Shelomith muttered under his breath. To Fernao’s disappointment, he could not make out which language the stranger used when angry. He sat quietly and waited. Maybe Shelomith would feed him still more gold for doing nothing. Instead, with the air of a man yielding himself up to a dentist, Shelomith said, “Does it not wring your heart to see a crowned king trapped in exile far from his native land?”
“Ah,” Fernao said. “Sits the wind so? Well, a question for a question: don’t you think King Penda is a lot happier sitting in exile in Yanina than he would be had the Algarvians or Unkerlanters caught him in Forthweg?”
“You are as clever as I hoped,” Shelomith said, slapping on the flattery with a broad brush. Fernao would have been naive to fail to get his drift. “The answer to your question is aye, but only to a degree. He is not only in exile; he might as well be in prison. King Tsavellas holds him close, so he can yield him up to King Swemmel if the Unkerlanter’s pressure grows too great.”
“Ah,” Fernao repeated.

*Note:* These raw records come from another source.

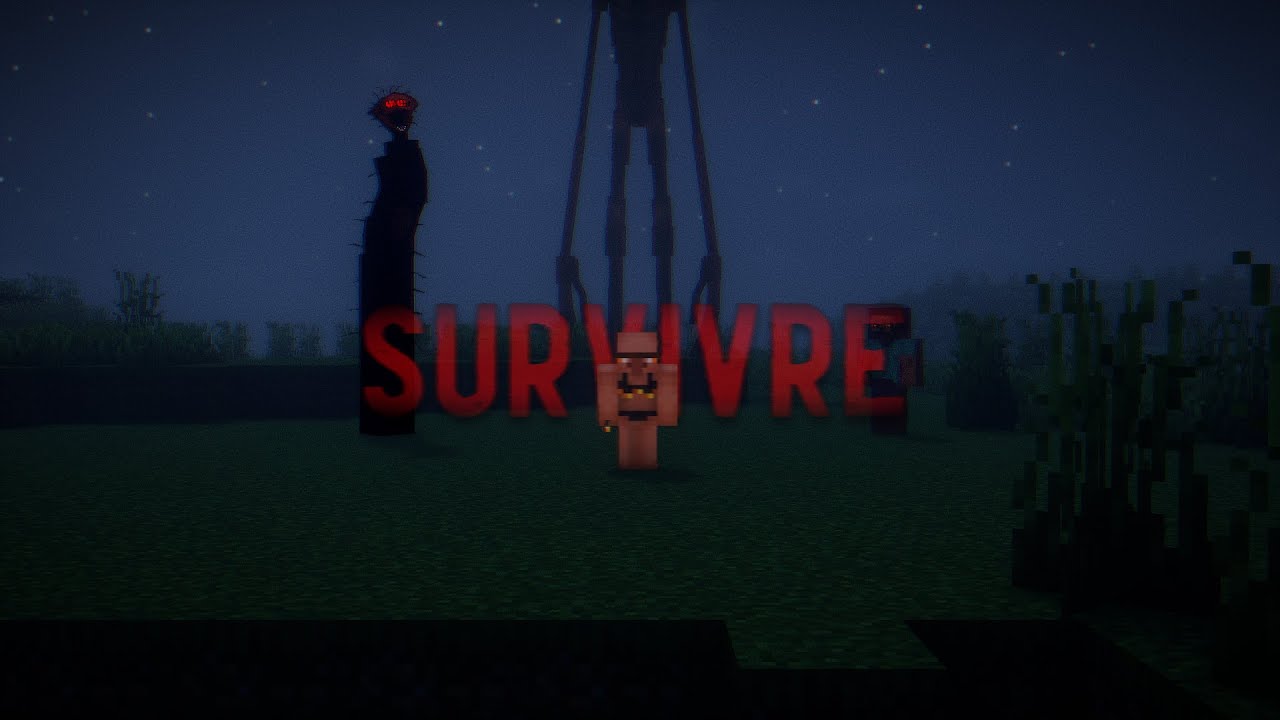 J'ai Testé les MODS Minecraft les Plus Effrayants... Mauvaise Idée 😰
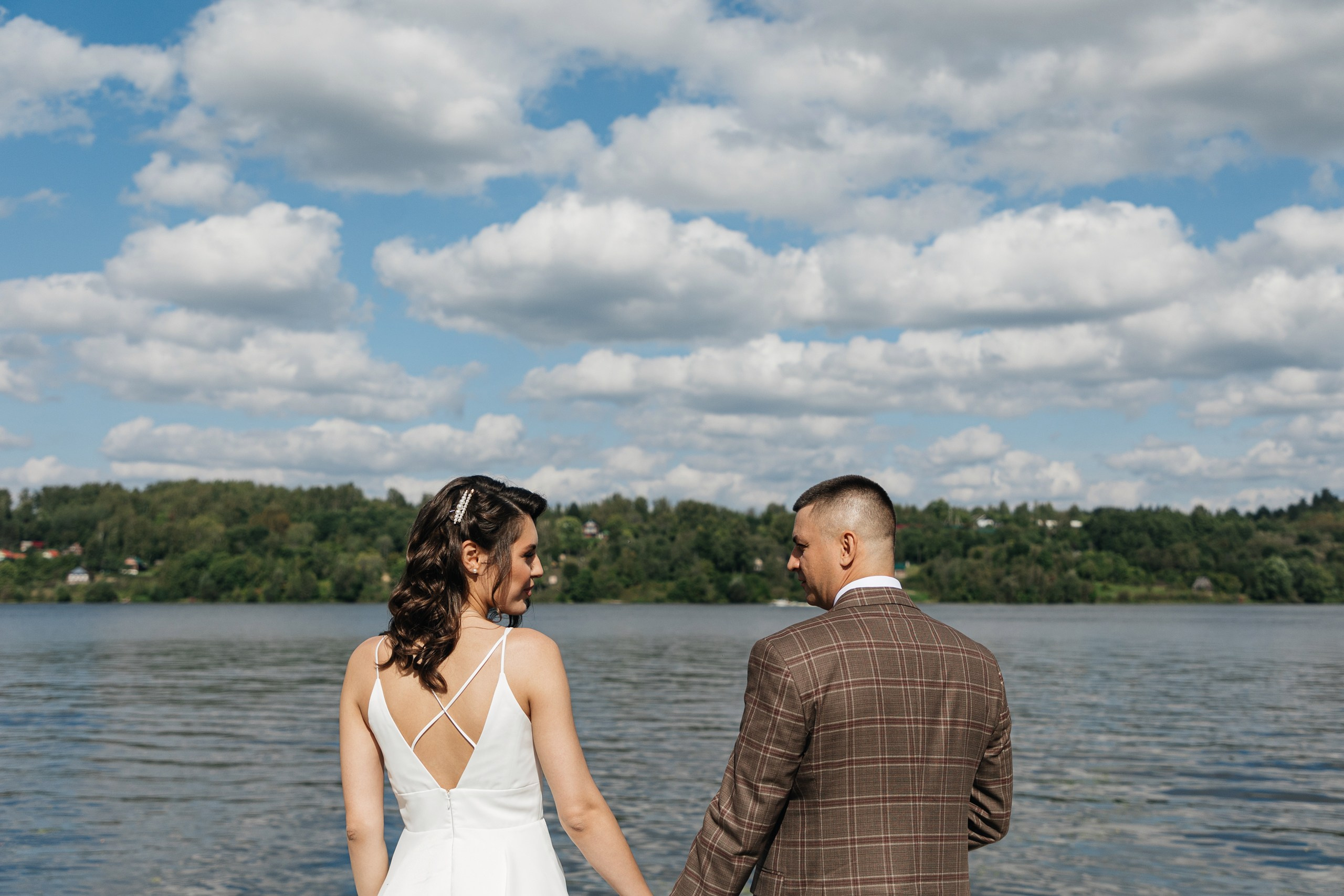 Анна & Олег. Фотограф Артём Синицын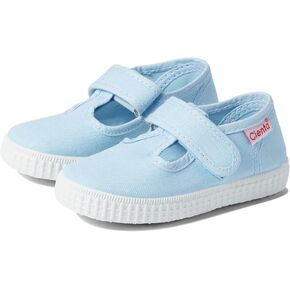 Cienta Kids Shoes 50000 (Infant/Toddler/Little Kid) Light Blue 18 (US 3 Infant) M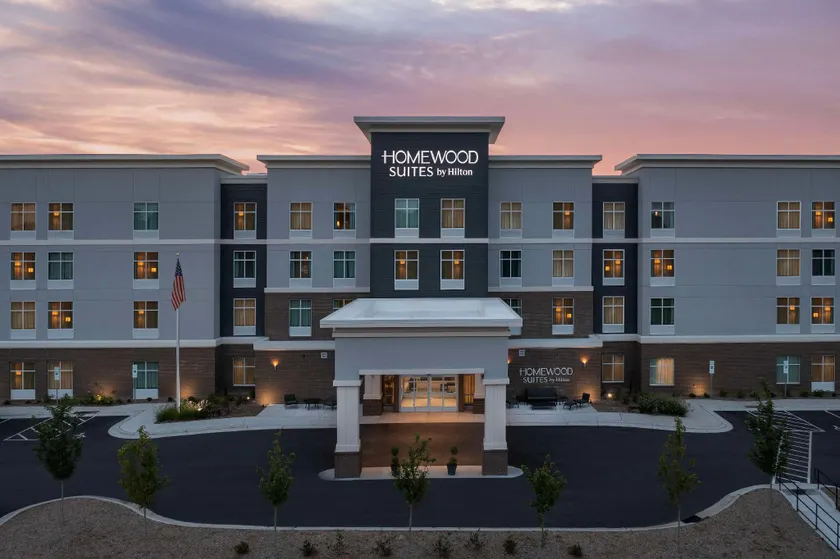 Homewood Suites by Hilton Greenville - Image 1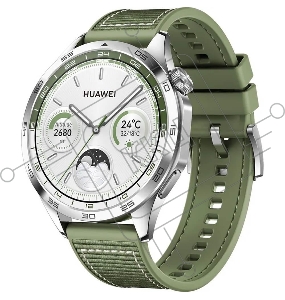 Умные часы HUAWEI GT 4 GREEN PHOINIX-B19W 55020BGY
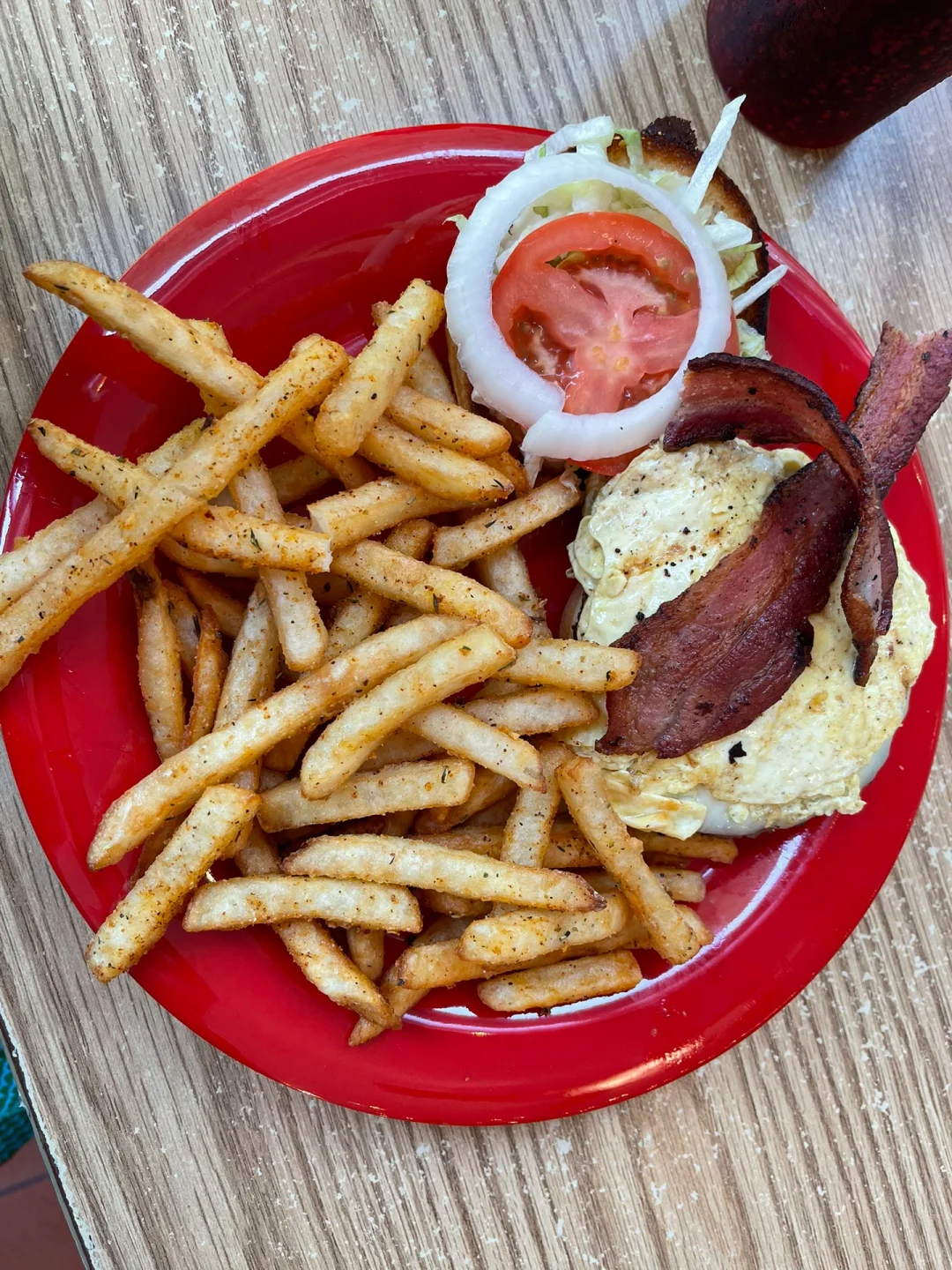 Burger Boy in Louisville, Kentucky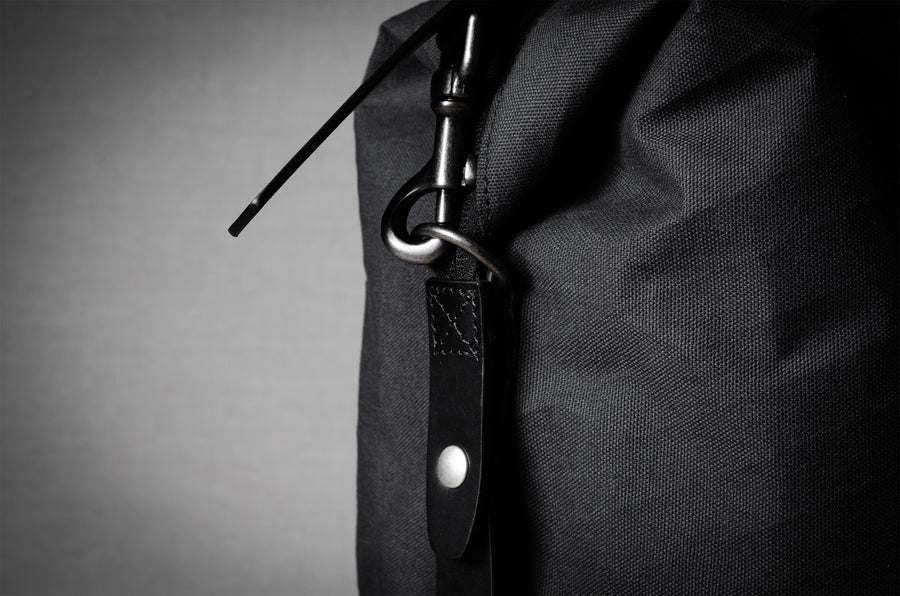 Touring Duffel Bag . Charcoal
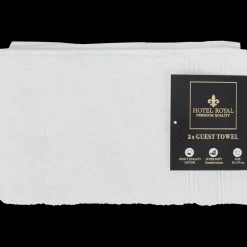 Hotel Royal Badtextilien<Gästehandtücher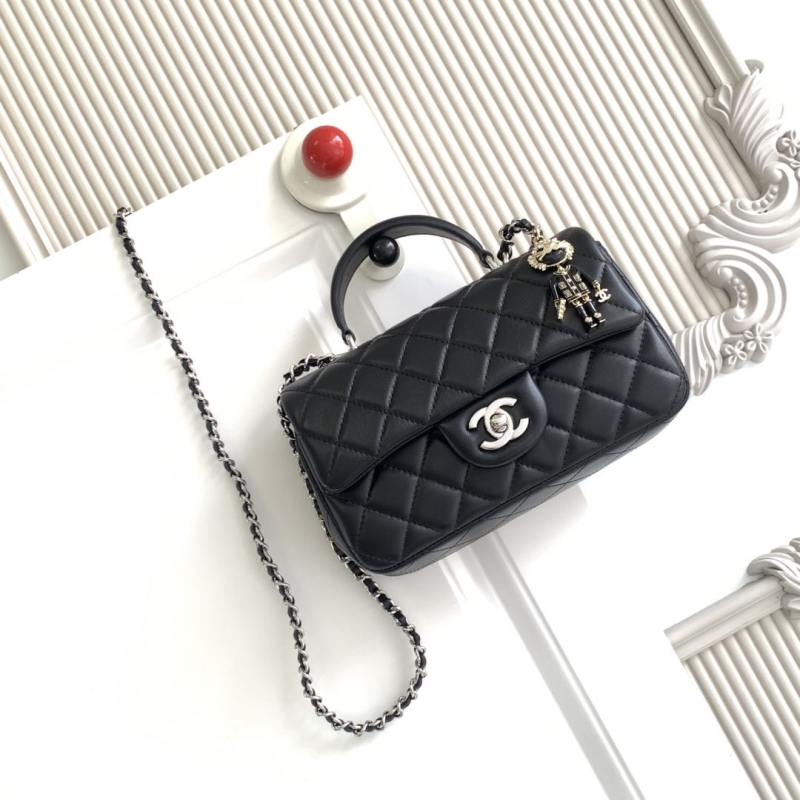 Ch**el satchel bags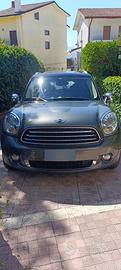 Mini Countryman 1.6 diesel full - perfetta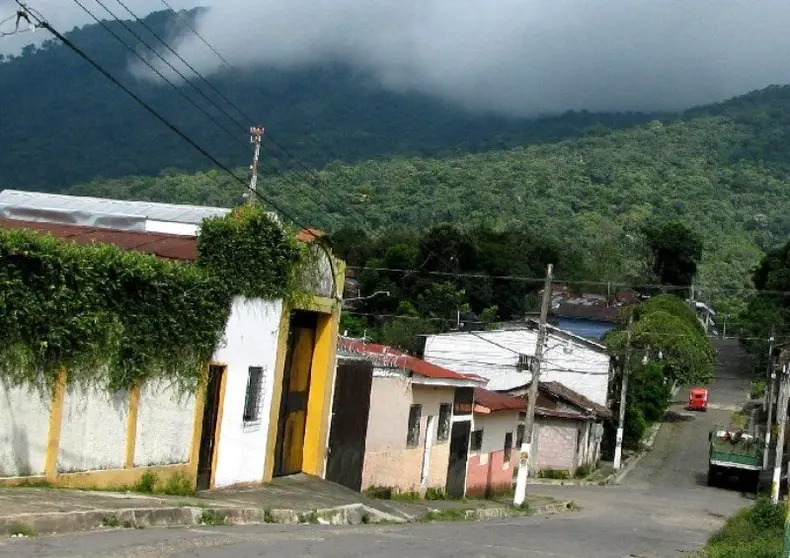 Berlín, Usulután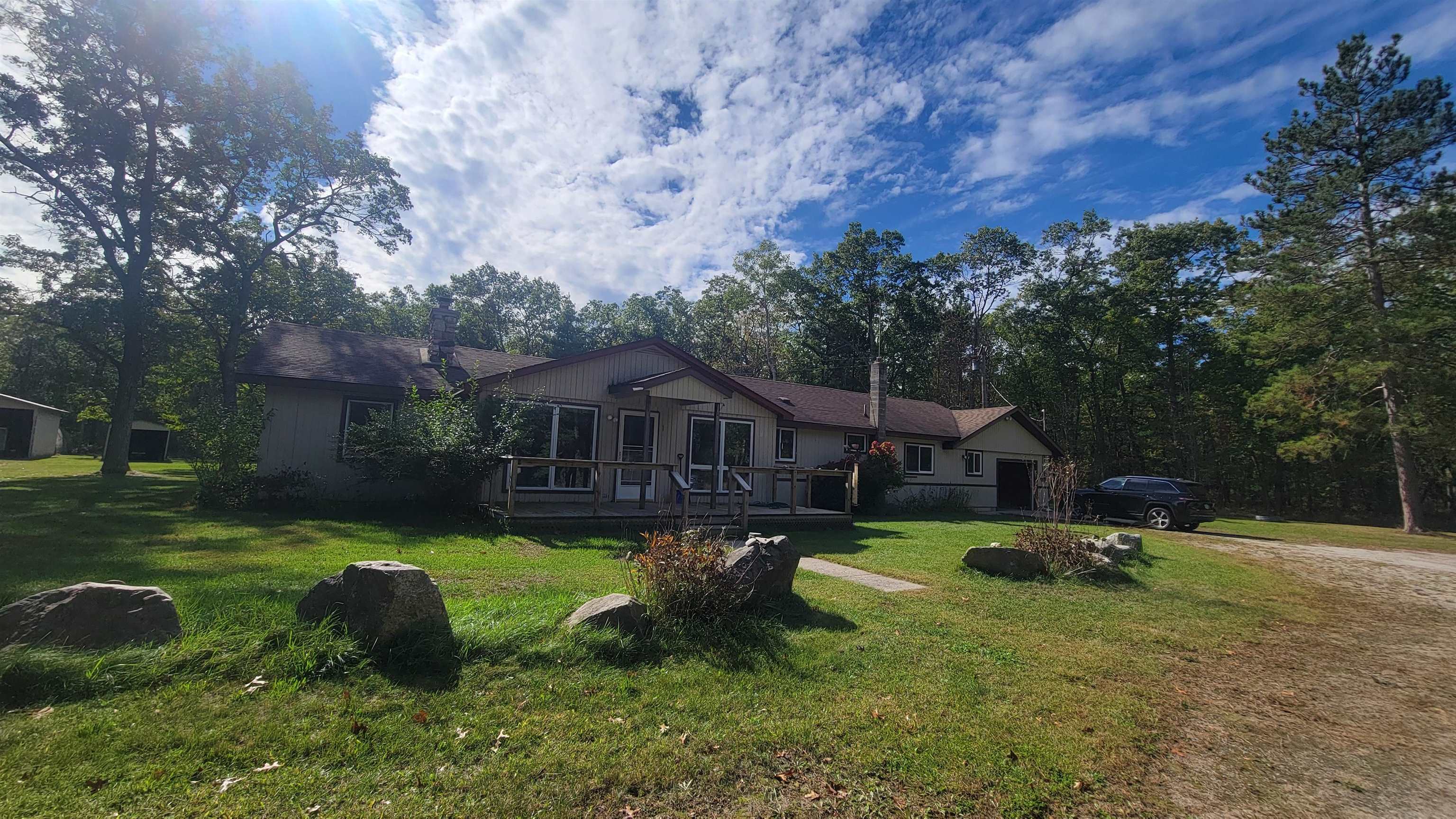 2152 Bissonette Road Oscoda, MI 48750 - Photo 1 of 41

He fell into slow, sonorous Forthwegian: “And you want him taken beyond King Swemmel’s reach.”
“Even so,” Shelomith answered in the same language. “Having a mage with us will make us more likely to succeed. Having a Lagoan mage with us will make it less likely that King Swemmel can take reprisal against him.”
“A distinct point, from all I have heard of King Swemmel,” Fernao said. “The next question is, what makes you think I am the Lagoan mage you want?”
“You have gone into Algarve in time of war, why should you not go into Yanina in time of peace? You are a mage of the first rank, so you will have the strength to do whatever may be needed. You speak Forthwegian, as you have shown. I would be lying if I said you were the only mage at whom we are looking, but you are the man we would like to have.”
His friends were probably saying the same thing to the other candidates. As soon as someone was rash enough to say aye, they would lose interest in the others. Fernao wondered if he was rash enough to say aye. He’d never been to Yanina. Getting there would be easy enough, if King Swemmel didn’t invade; the small kingdom between Algarve and Unkerlant remained nervously neutral. Getting out—especially getting out with King Penda—was liable to be something else again.
Of course, Shelomith was liable not to care whether Fernao got out or not, so long as Penda did. That might make life interesting in several unpleasant ways. A sensible man would pocket the two Gyongyosian goldpieces and go about his business.
“When do we sail?” Fernao asked.
Marshal Rathar endured the search to which King Swemmel’s bodyguards subjected him with less aplomb than he usually showed. He had not conceived so high an opinion of himself as to think he was above searching. But he did begrudge the time he had to waste before being admitted to his sovereign’s presence.
Once he’d got past the guards, he also begrudged the time he had to. spend knocking his head against the carpet before the king. Ceremony was all very well in its place; it reminded people what a great and mighty sovereign ruled them. Rathar, though, already knew that well. Wasting time on ceremony, then, struck him as inefficient.